> _YOUR INSTRUCTIONS_
Of all the lines in the entries below, give again exactly those starting at the line containing "2 Mint Funko" and ending at the line containing "BMW 5 Series (F10) превью 9", both ends included, and no others.
═══ INFORMATION SUPPLIED
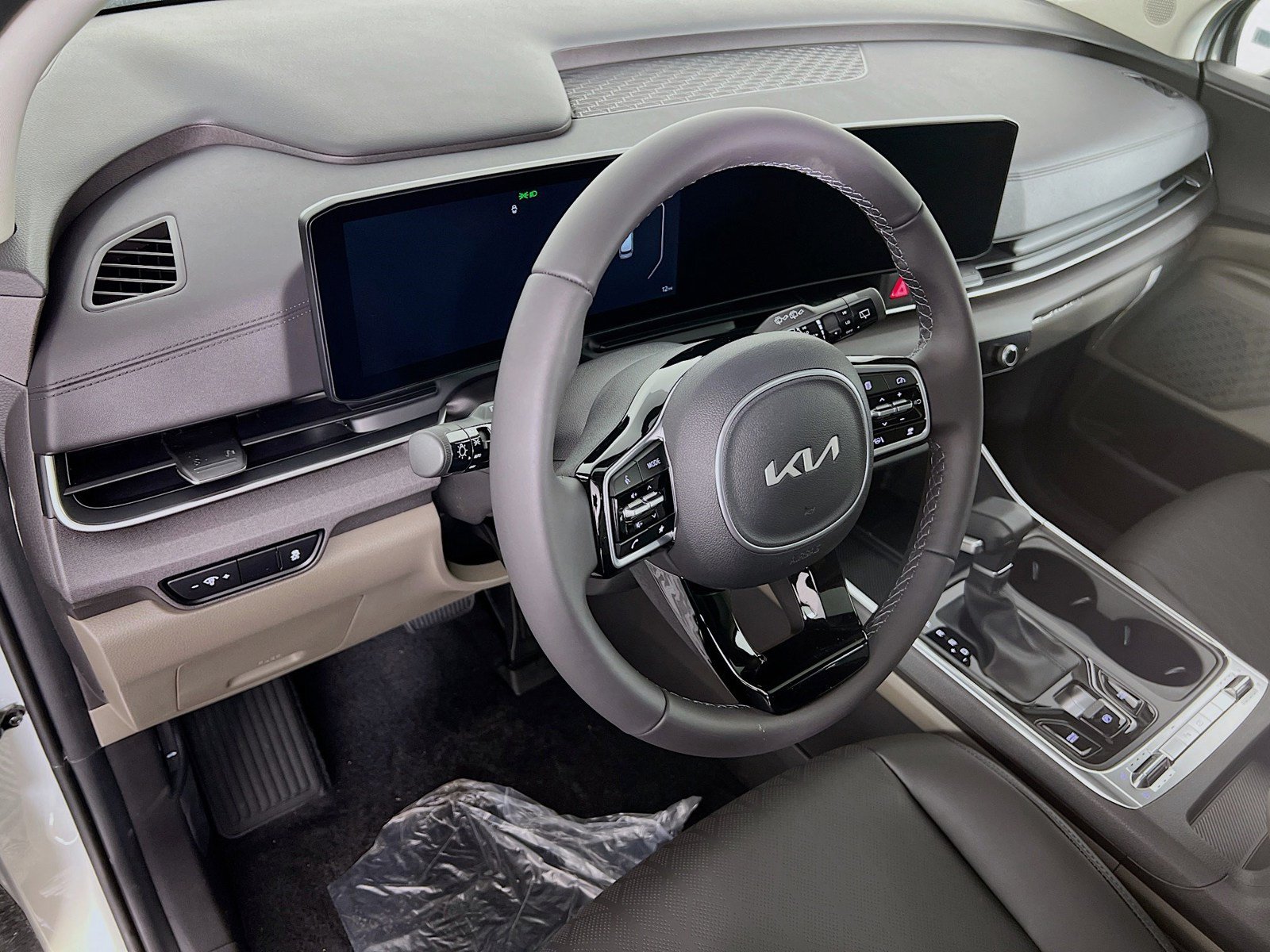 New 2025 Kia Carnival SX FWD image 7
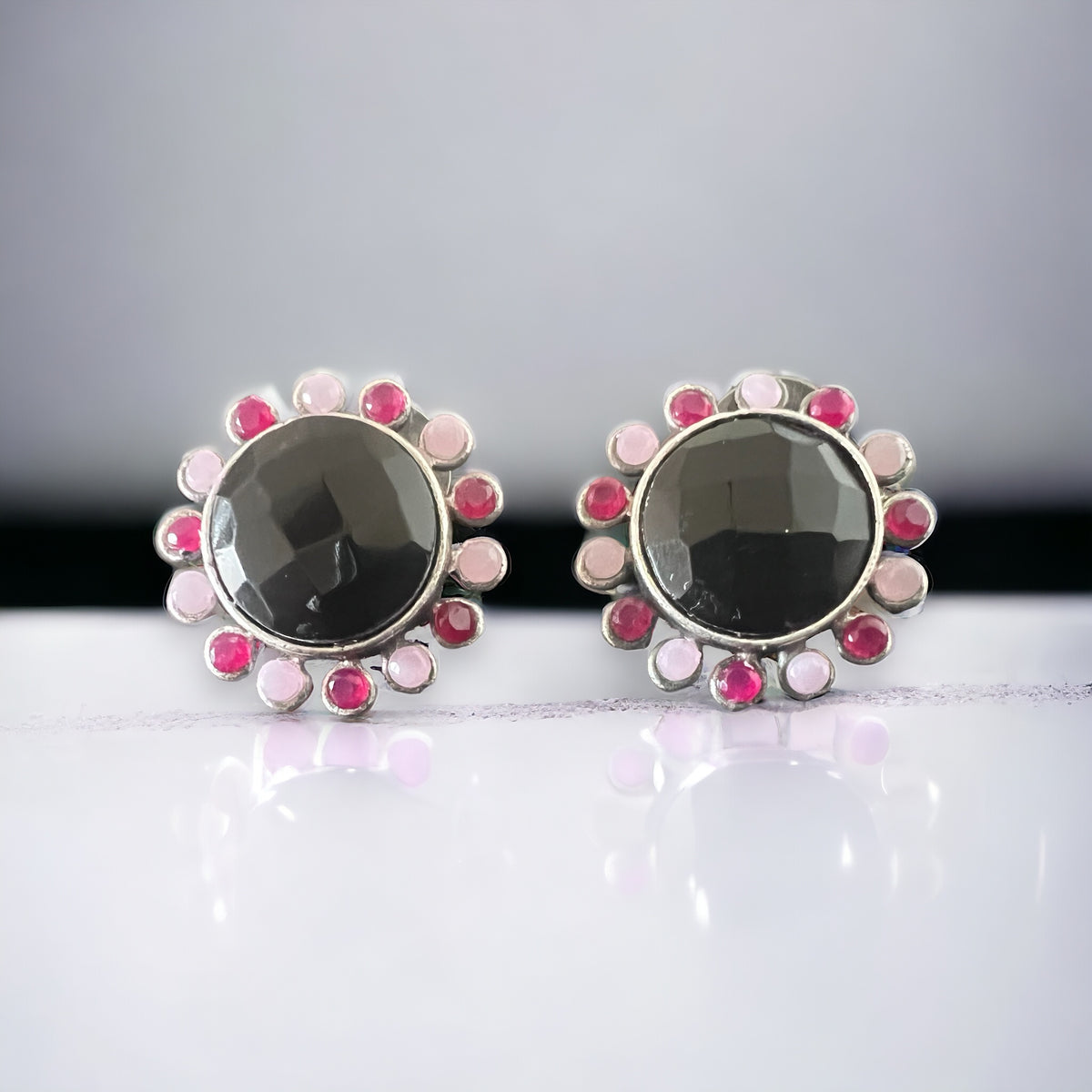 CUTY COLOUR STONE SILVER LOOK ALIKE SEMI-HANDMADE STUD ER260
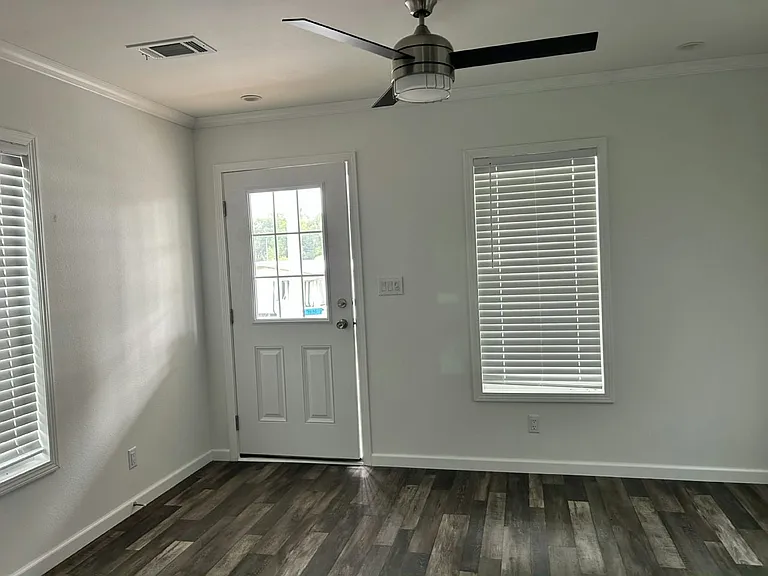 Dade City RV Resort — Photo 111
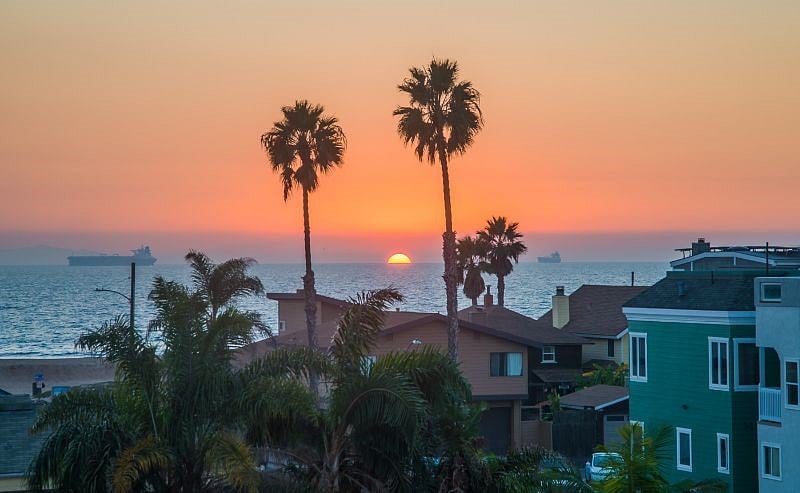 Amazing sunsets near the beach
══════
═══ INFORMATION SUPPLIED
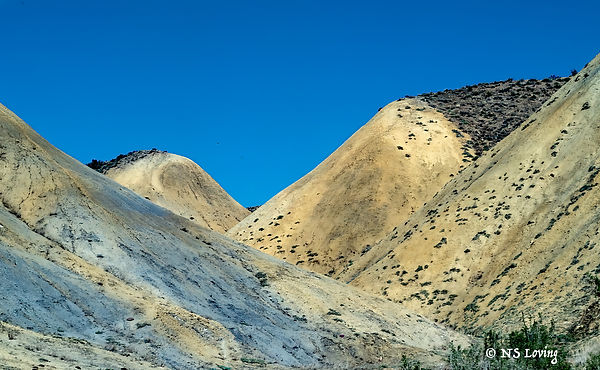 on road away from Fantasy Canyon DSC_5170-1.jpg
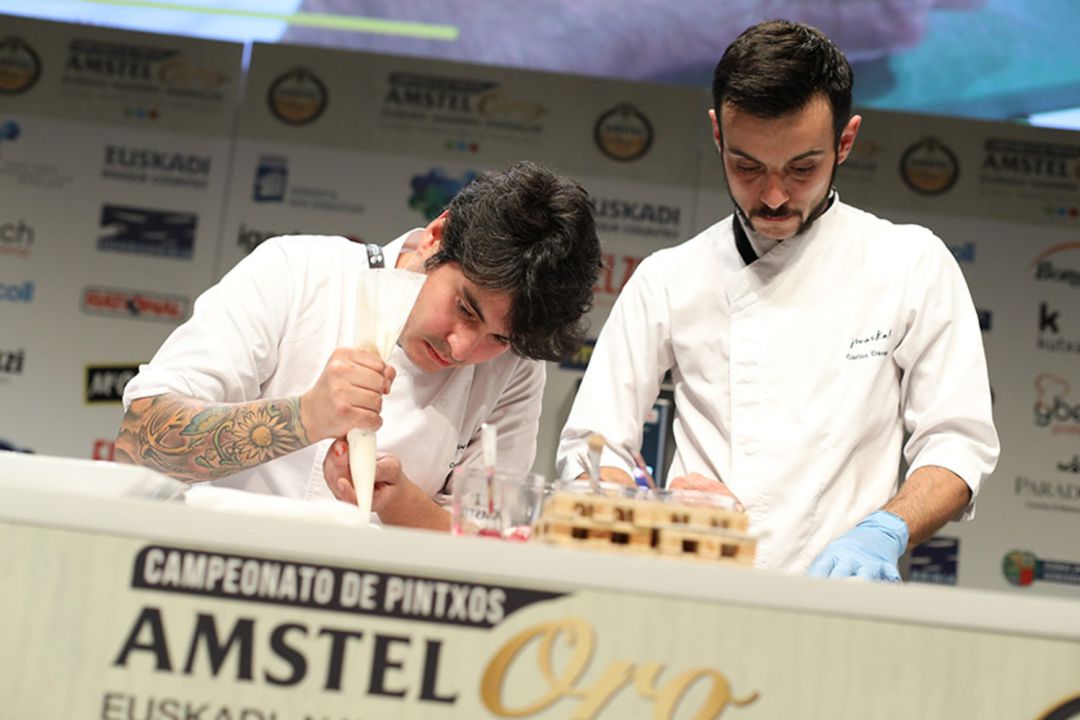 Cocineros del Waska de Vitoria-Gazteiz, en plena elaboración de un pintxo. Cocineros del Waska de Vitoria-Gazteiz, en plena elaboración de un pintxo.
══════
═══ INFORMATION SUPPLIED
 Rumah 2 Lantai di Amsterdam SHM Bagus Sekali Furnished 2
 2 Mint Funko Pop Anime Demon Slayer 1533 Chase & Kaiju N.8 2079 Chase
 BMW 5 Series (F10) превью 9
══════
> _EXPECTED ANSWER_
 2 Mint Funko Pop Anime Demon Slayer 1533 Chase & Kaiju N.8 2079 Chase
 BMW 5 Series (F10) превью 9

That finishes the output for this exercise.